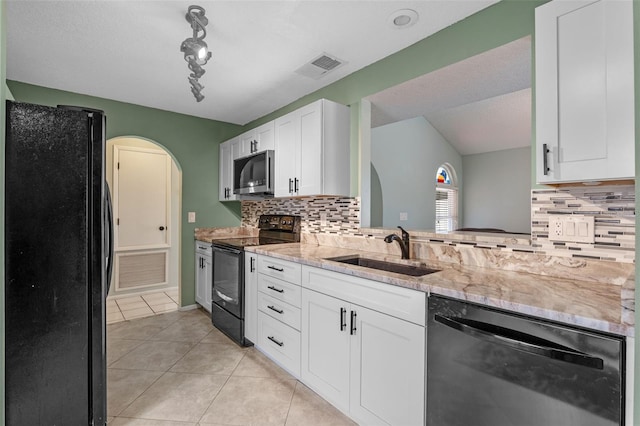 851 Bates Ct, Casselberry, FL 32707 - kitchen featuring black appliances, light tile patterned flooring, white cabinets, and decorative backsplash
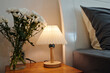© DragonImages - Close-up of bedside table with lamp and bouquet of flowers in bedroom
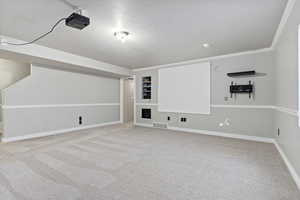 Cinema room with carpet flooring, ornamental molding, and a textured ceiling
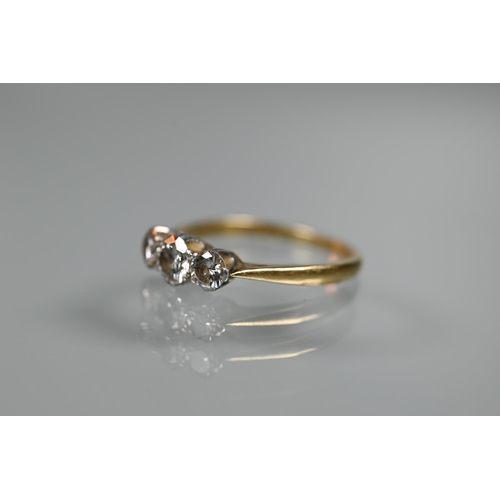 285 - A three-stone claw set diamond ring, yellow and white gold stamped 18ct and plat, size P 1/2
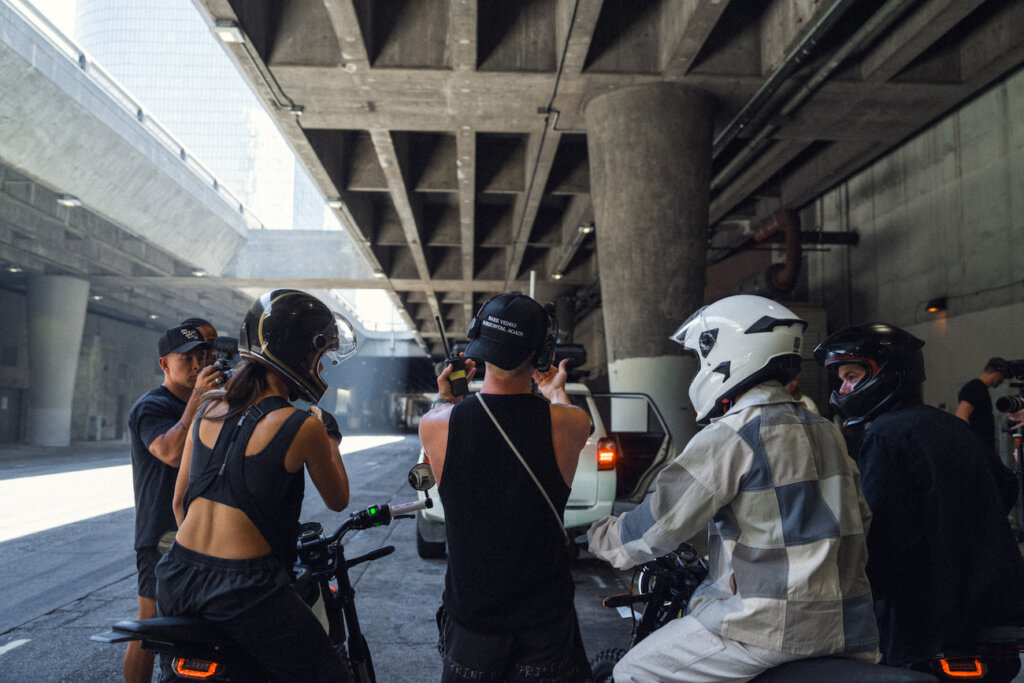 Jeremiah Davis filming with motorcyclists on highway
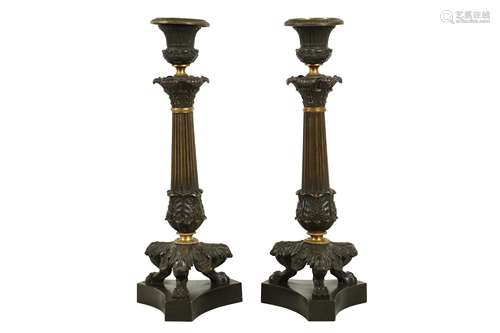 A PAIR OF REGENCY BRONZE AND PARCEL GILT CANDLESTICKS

+++++

• Instructions for the task: The entries above are to be retyped exactly, with each picture left out.

• Response below:
 851 Bates Ct, Casselberry, FL 32707 - kitchen featuring black appliances, light tile patterned flooring, white cabinets, and decorative backsplash
© DragonImages - Close-up of bedside table with lamp and bouquet of flowers in bedroom
 Cinema room with carpet flooring, ornamental molding, and a textured ceiling
 285 - A three-stone claw set diamond ring, yellow and white gold stamped 18ct and plat, size P 1/2
 Jeremiah Davis filming with motorcyclists on highway
 A PAIR OF REGENCY BRONZE AND PARCEL GILT CANDLESTICKS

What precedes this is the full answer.